Par ailleurs, la photographie, de son propre fait, mais aussi parce qu'elle permet cette capture de l'instant est une alternative au souvenir puisqu'elle demeure fondée sur la réalité sans être pourtant elle même réalité car issue d'une vision subjective et non entière. Les photos que je prends sont un souvenir créé de toute pièce sur le dos du présent, ce sont mes perceptions de l'instant divulguées à tout un chacun. Voilà ce que je fais en ce moment, et ce que j'aime faire en ce moment.
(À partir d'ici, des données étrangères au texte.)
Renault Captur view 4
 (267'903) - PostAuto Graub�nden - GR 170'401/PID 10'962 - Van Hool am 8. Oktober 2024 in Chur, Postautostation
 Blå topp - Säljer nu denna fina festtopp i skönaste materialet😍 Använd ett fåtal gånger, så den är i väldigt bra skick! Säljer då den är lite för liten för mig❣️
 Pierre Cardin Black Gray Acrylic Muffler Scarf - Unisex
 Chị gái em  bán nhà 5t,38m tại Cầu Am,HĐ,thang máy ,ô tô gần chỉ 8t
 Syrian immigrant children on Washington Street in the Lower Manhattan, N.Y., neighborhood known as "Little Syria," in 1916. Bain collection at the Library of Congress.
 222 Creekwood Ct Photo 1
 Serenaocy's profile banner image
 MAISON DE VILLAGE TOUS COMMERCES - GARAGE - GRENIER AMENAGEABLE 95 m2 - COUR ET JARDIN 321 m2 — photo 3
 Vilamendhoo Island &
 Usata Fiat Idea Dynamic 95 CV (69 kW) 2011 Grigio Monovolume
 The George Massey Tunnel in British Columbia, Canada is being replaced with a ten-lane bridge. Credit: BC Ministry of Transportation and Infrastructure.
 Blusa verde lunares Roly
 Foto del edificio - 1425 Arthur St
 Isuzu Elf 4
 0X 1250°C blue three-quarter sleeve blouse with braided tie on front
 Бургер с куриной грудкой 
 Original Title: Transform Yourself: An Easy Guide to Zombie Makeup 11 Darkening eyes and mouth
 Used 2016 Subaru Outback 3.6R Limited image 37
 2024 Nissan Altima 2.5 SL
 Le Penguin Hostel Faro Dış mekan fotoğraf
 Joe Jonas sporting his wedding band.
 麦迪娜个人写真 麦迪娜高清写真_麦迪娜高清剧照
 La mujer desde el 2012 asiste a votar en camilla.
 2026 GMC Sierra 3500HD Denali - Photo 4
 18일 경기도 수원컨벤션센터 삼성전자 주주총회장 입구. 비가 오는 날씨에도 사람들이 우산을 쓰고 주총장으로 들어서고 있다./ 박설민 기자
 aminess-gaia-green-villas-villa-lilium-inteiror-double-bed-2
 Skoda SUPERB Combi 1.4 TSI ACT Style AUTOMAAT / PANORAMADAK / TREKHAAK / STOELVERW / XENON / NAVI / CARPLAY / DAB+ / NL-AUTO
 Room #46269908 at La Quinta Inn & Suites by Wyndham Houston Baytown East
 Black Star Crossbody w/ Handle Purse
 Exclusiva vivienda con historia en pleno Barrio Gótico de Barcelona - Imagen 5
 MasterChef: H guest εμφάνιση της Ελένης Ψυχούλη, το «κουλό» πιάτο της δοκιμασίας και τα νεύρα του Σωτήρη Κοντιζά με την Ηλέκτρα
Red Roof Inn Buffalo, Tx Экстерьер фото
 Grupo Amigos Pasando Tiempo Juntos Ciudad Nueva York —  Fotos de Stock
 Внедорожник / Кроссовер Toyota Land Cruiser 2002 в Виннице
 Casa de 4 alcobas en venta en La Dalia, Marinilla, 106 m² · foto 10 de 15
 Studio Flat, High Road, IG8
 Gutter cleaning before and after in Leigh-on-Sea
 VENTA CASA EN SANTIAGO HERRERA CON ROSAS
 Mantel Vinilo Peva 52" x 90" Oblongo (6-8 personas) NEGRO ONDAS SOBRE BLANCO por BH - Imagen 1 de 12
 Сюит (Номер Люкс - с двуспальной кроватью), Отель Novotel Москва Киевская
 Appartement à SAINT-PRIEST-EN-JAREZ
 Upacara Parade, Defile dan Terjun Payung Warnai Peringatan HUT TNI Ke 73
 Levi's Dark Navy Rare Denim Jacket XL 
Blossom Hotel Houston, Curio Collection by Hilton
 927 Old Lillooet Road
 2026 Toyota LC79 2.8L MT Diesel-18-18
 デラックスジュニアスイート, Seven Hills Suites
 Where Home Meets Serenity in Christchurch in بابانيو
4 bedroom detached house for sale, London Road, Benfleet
J'ai toujours été trop prétencieux, mais je crois que je n'ai jamais dit que je faisais un vrai travail, que je considérais mes photos comme de la création et encore moins comme de l'art. J'aime juste ça, et puis on oublie les souvenirs, alors je m'en invente, et je les garde pour le moment. Je les garde par peur, par plaisir, par narcissisme. Je ne m'en veux pas. Pas encore.
NB: Merci à Mike pour le rétablissement de la version Originale de la première phrase de Mrs Dalloway!